_Work required:_
Provide again, from the entries below, every line from the one containing "Videos de asociación" through the one containing "Scritti su Lorenzo Milani", exactly as written, and no other line.

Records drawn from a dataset
┏━━
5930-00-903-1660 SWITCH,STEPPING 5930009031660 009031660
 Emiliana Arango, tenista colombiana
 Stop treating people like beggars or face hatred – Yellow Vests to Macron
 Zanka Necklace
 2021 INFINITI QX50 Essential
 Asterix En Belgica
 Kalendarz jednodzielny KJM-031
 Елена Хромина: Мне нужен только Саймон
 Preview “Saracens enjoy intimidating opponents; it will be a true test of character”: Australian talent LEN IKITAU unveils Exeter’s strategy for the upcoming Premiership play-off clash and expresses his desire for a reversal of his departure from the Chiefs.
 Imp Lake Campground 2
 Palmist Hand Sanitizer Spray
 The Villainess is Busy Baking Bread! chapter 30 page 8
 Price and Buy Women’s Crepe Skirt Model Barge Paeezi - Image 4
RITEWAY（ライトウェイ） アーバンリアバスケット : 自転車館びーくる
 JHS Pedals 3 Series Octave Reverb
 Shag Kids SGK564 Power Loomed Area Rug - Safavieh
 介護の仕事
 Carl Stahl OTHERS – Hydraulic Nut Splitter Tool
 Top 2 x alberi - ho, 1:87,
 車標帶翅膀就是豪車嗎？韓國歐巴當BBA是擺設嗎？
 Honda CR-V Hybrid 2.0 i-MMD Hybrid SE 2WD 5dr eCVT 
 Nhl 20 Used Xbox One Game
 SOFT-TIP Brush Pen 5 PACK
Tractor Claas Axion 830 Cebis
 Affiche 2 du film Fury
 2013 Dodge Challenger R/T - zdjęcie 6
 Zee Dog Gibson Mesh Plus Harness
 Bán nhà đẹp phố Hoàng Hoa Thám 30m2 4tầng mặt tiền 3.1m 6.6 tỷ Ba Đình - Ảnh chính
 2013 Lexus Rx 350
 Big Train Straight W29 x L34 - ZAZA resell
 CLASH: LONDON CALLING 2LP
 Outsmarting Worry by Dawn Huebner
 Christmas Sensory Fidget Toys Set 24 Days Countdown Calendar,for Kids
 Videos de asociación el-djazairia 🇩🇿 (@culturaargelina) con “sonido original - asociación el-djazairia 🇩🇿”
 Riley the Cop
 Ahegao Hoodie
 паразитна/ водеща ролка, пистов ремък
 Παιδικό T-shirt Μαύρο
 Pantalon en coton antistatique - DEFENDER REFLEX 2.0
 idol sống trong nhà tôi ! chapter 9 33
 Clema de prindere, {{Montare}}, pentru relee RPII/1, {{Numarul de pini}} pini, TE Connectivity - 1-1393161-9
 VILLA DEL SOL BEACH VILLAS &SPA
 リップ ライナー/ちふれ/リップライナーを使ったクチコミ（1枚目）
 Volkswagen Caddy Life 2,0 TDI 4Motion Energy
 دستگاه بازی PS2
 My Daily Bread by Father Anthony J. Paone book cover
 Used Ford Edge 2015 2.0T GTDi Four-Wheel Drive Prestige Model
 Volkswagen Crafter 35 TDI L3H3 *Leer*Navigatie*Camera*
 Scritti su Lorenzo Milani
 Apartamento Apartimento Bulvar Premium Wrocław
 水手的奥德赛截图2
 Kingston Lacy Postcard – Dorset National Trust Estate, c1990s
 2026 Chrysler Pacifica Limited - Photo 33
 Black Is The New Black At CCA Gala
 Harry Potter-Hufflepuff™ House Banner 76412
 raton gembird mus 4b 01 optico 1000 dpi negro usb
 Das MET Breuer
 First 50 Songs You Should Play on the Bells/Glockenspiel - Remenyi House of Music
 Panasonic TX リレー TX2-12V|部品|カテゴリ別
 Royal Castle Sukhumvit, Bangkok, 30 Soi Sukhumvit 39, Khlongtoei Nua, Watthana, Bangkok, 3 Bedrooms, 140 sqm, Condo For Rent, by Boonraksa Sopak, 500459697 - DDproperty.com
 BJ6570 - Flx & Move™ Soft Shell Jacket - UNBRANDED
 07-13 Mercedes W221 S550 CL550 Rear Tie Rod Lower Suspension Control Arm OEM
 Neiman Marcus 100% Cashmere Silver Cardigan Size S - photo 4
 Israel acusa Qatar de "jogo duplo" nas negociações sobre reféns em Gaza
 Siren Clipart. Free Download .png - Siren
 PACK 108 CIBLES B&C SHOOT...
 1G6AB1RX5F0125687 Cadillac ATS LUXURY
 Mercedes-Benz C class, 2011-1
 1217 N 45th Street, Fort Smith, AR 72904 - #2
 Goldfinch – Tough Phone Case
┗━━
_Exercise result:_
 Videos de asociación el-djazairia 🇩🇿 (@culturaargelina) con “sonido original - asociación el-djazairia 🇩🇿”
 Riley the Cop
 Ahegao Hoodie
 паразитна/ водеща ролка, пистов ремък
 Παιδικό T-shirt Μαύρο
 Pantalon en coton antistatique - DEFENDER REFLEX 2.0
 idol sống trong nhà tôi ! chapter 9 33
 Clema de prindere, {{Montare}}, pentru relee RPII/1, {{Numarul de pini}} pini, TE Connectivity - 1-1393161-9
 VILLA DEL SOL BEACH VILLAS &SPA
 リップ ライナー/ちふれ/リップライナーを使ったクチコミ（1枚目）
 Volkswagen Caddy Life 2,0 TDI 4Motion Energy
 دستگاه بازی PS2
 My Daily Bread by Father Anthony J. Paone book cover
 Used Ford Edge 2015 2.0T GTDi Four-Wheel Drive Prestige Model
 Volkswagen Crafter 35 TDI L3H3 *Leer*Navigatie*Camera*
 Scritti su Lorenzo Milani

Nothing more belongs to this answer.